Where is the "Accusative Case" in this Question? Where is "the what" in this question? If I use the other form of this question: 'Where have you been so long?", could I "force" an Accusative form by pointing to the presence of the "have" in this other form of the question as indicative of the Accusative presence?
There's simply no accusative case here. Only nouns and pronouns have cases, and the only noun/pronoun in this sentence is "ihr," which is of course nominative.
could I "force" an Accusative form by pointing to the presence of the "have" in this other form of the question as indicative of the Accusative presence?

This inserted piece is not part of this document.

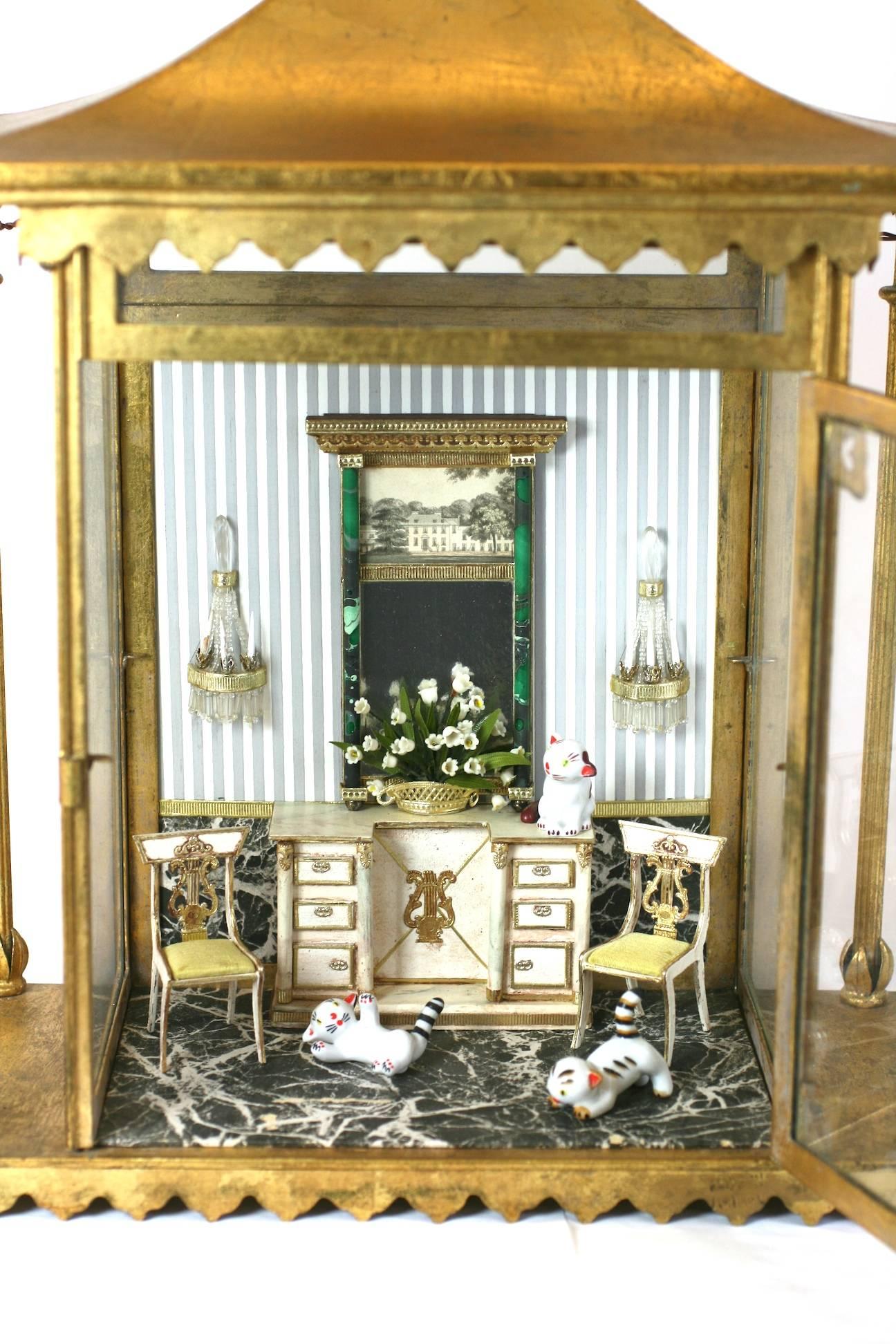 Gilt Tole Diorama with Period Interior 1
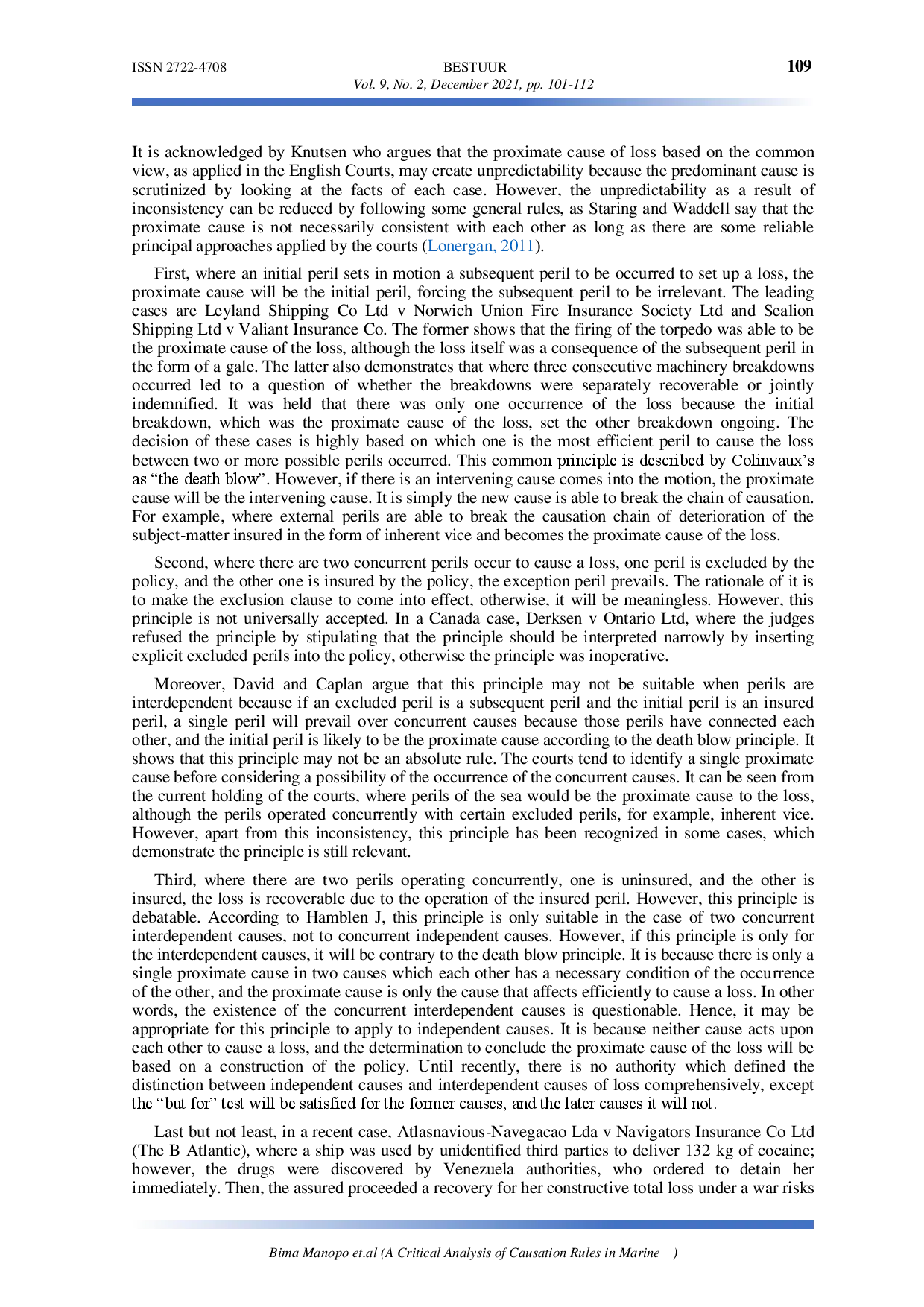 juris A Critical Analysis of Causation Rules in Marine Insurance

No, the fact that the English sentence has "have" doesn't affect how the German sentence's grammar works. Even if it did, "have" is an auxiliary verb here and not the kind of "have" that would have a direct/accusative object.
A couple issues:
What has happened to you for so long?
Wo seid ihr so lange gewesen?
Wo is where and gewesen is have been, the overall emphasis being on where the person has been, not necessarily what happened to them. Although this may be implied by asking where they've been for so long.
The "for" can be dropped in colloquial speech and frequently is.
Well, now that I've learned more, I can correct my own error: it is Wo seid ihr and Wo seid Ihr is completely wrong.
Why? Because ihr is the plural second person (i.e., "y'all"). I have a bad habit of wanting to make it be the formal third person.
Ah, well . . . apparently ich lerne.
Sehr interessant. Hier ist ein kurze Diskussion: https://en.wikipedia.org/wiki/T%E2%80%93V_distinction#German
Auch kann man auf Seite 1673 f. von "Language History and Linguistic Modelling: A Festschrift for Jacek Fisiak on His 60th Birthday, Volume 1" (Hgg.: Raymond Hickey und Stanisław Puppel; Verlag: Walter de Gruyter, 1997) verweisen.